When you copy the material below, keep every line exact and omit the pictures.

> SOURCE DATA:
=== Section Start ===

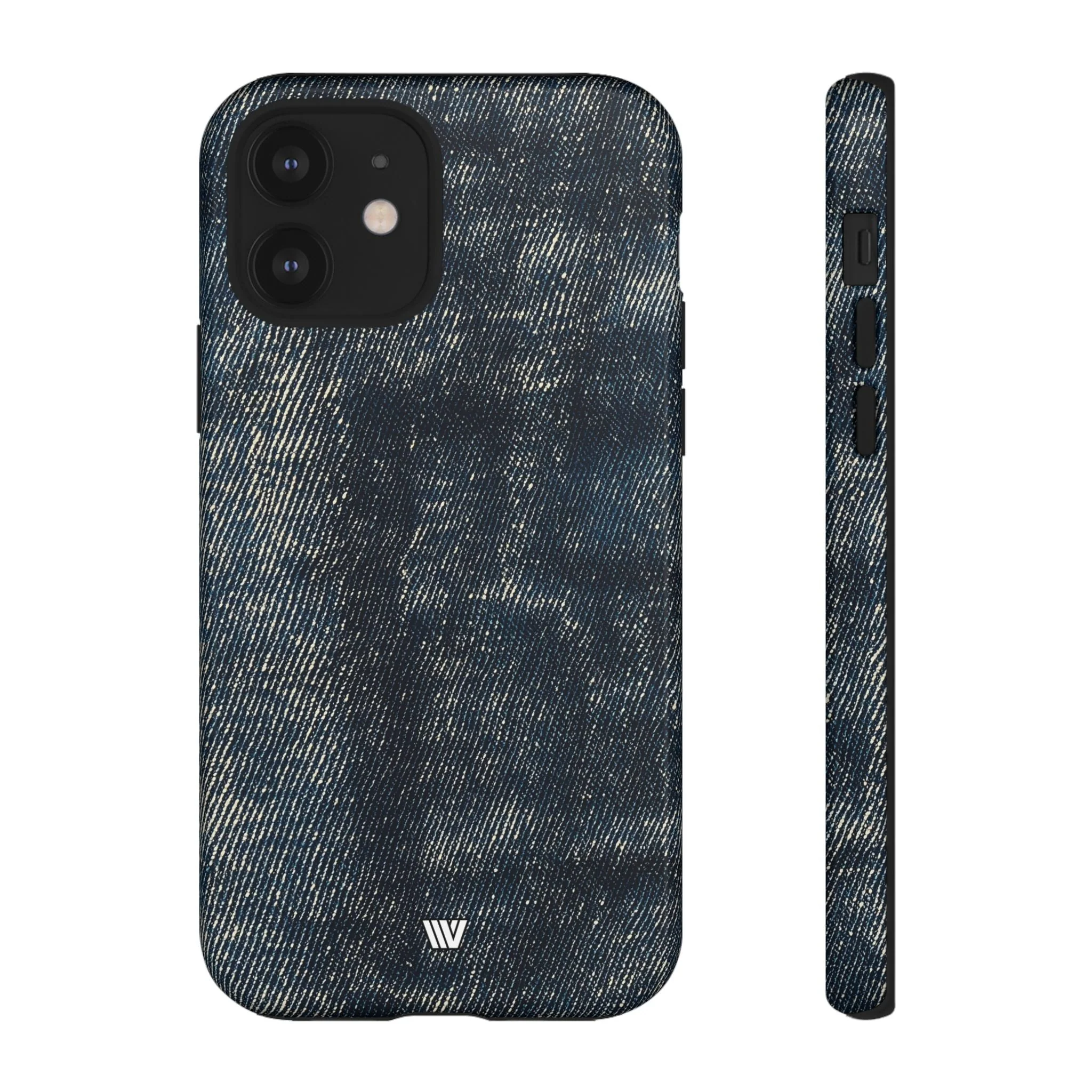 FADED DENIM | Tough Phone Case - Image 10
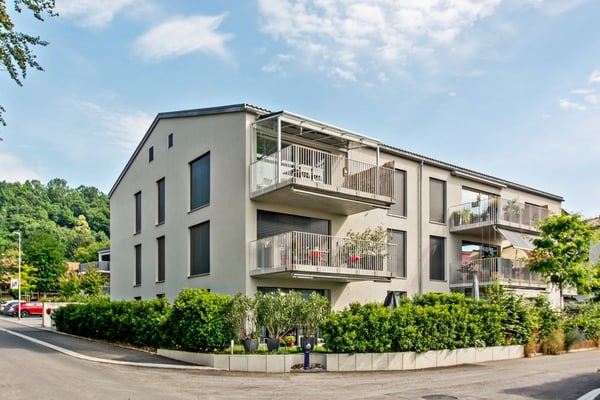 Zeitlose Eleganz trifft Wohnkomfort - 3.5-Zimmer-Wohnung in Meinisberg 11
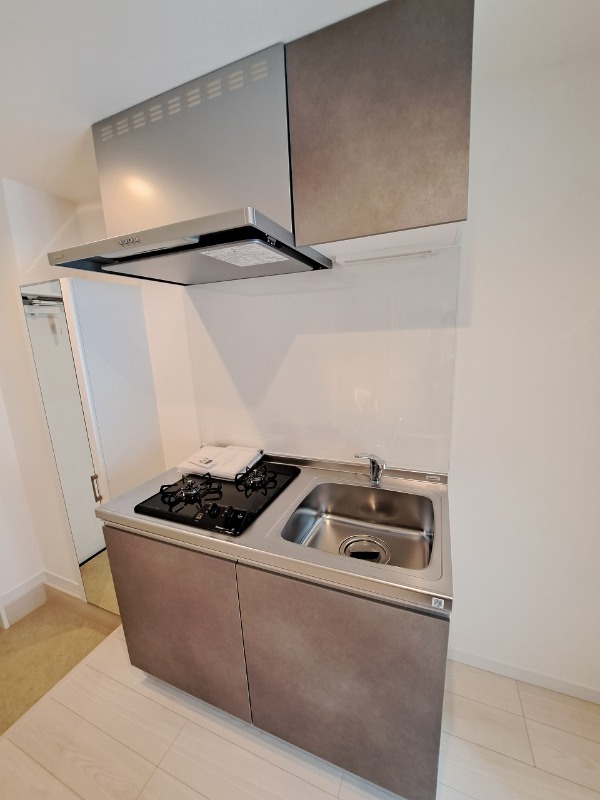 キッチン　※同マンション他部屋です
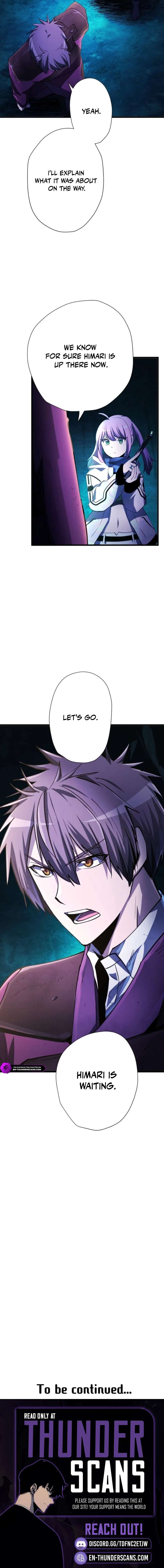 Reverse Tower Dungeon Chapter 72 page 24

=== Section End ===

> YOUR RESPONSE:
 FADED DENIM | Tough Phone Case - Image 10
 Zeitlose Eleganz trifft Wohnkomfort - 3.5-Zimmer-Wohnung in Meinisberg 11
 キッチン　※同マンション他部屋です
 Reverse Tower Dungeon Chapter 72 page 24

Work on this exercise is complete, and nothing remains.